Let $X$ be a normed vector space.
1.: If $\Omega\subseteq\mathbb C$ is open and $f:\Omega\to X$ is holomorphic, then $z_0\in\mathbb C\setminus\Omega$ is called an isolated singularity of $f$ if there is a neighborhood $N$ of $z_0$ with $N\setminus\{z_0\}\subseteq\Omega$.
2.: If $U\subseteq\mathbb C$ is open, then $g$ is called a $X$-valued holomorphic function on $U$ up to isolated singularity if there is a $D\subseteq U$ with
- $U\setminus D$ is open;
- $g:U\setminus D\to X$ is holomorphic;
- Every point in $D$ is an isolated singularity of $g$.
Let $\Omega:=U\setminus D$ and $$S:=\{z_0\in\mathbb C\setminus\Omega:z_0\text{ is an isolated singularity of }f\}.$$ By assumption, $D\subseteq S$. But does it necessary hold $D=S$?
If $z_0\in S$, then clearly $$z_0\in\mathbb C\setminus\Omega=(\mathbb C\setminus U)\cup D\tag1.$$ On the other hand, since $z_0$ is an isolated singularity of $f$, there is a neighborhood $N$ of $z_0$ with $$N\setminus\{z_0\}\subseteq\Omega=U\setminus D\tag2.$$ However, that doesn't necessary yield $z_0\in D$ ...
I first thought that a construction of the following kind could yield a counterexample: Let
- $z_1\in\mathbb C$;
- $\varepsilon_1>0$ and $U:=B_{\varepsilon_1}(z_1)$;
- $D:=\{z_1\}$;
- $z_2\in\mathbb C\setminus U$ and $\varepsilon_2>0$ with $$U\cap B_{\varepsilon_2}(z_2)=\emptyset$$ and $$f:U\setminus D\to\mathbb C\;,\;\;\;z\mapsto\frac1{z-z_1}+\frac1{z-z_2}.$$
$f$ does clearly satisfy the definition above.
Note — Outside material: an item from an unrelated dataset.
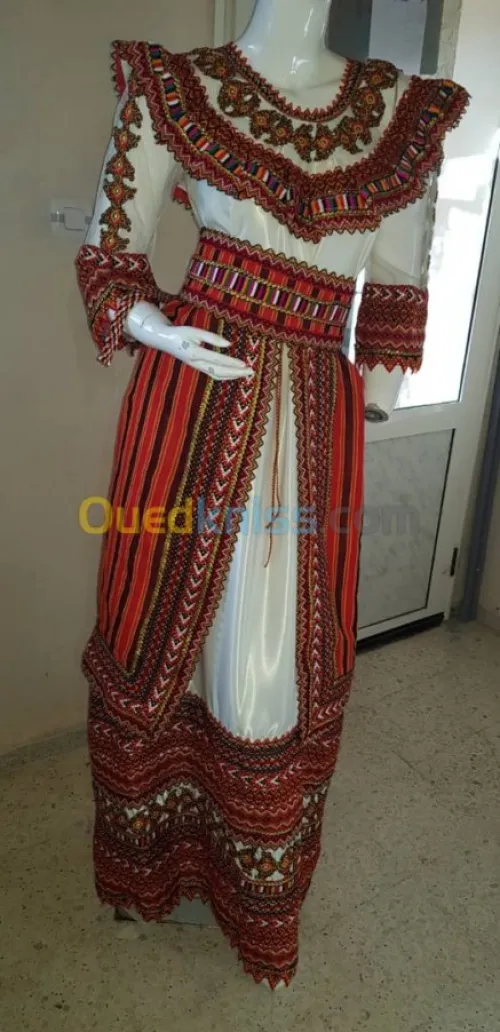 Robes kabyle  moderne et traditionnel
But while I first thought that $z_2\in S\setminus D$, it does not satisfy the definition of being an isolated singularity of $f$ above, since there is no neighborhood $N$ of $z_2$ with $N\setminus\{z_2\}\subseteq\Omega=B_{\varepsilon_1}(z_1)\setminus\{z_1\}$.
There is no normed space, $U$ is a connected open subset of $\Bbb{C}$,
$f$ is complex-valued holomorphic (complex differentiable at every point, thus analytic) on $U-D$ where $D$ is a discrete subset of $U$ (ie. locally $D$ is finitely many points). Nothing complicated here, everything is crystal clear, the isolated singularities of $f$ are at each point of $D$ and $f$ is not defined outside of $U$.
Some points of $D$ can be "removable singularities" (try with $\sin(z)/z$ which is entire, no singularity at $0$), some may be poles (ie. $(z-a)^k f$ is analytic at $a$), the others are essential singularities.
Next we can consider the analytic continuations of $f$, if $f$ extends to an analytic function on some larger connected open then this continuation is unique and is defined uniquely by the restriction of $f$ to any neighborhood.
Sometimes an analytic continuation exists, sometime not, of course the continuation may have some isolated singularities outside of $U$.
Sometimes the set of analytic continuations is complicated, try with $\log z,|z-1|<1$, the continuation to $arg(z)\in (-\pi/2,3\pi/2)$ is not the same as the continuation to $arg(z)\in (-3\pi/2,\pi/2)$ (there is a $2i\pi$ difference at the negative reals).
$\sum_{k\ge 0} z^{2^k},|z|<1$ has a natural boundary on $|z|=1$, no continuation exists.
Hope you realize there is nothing abstract in those things.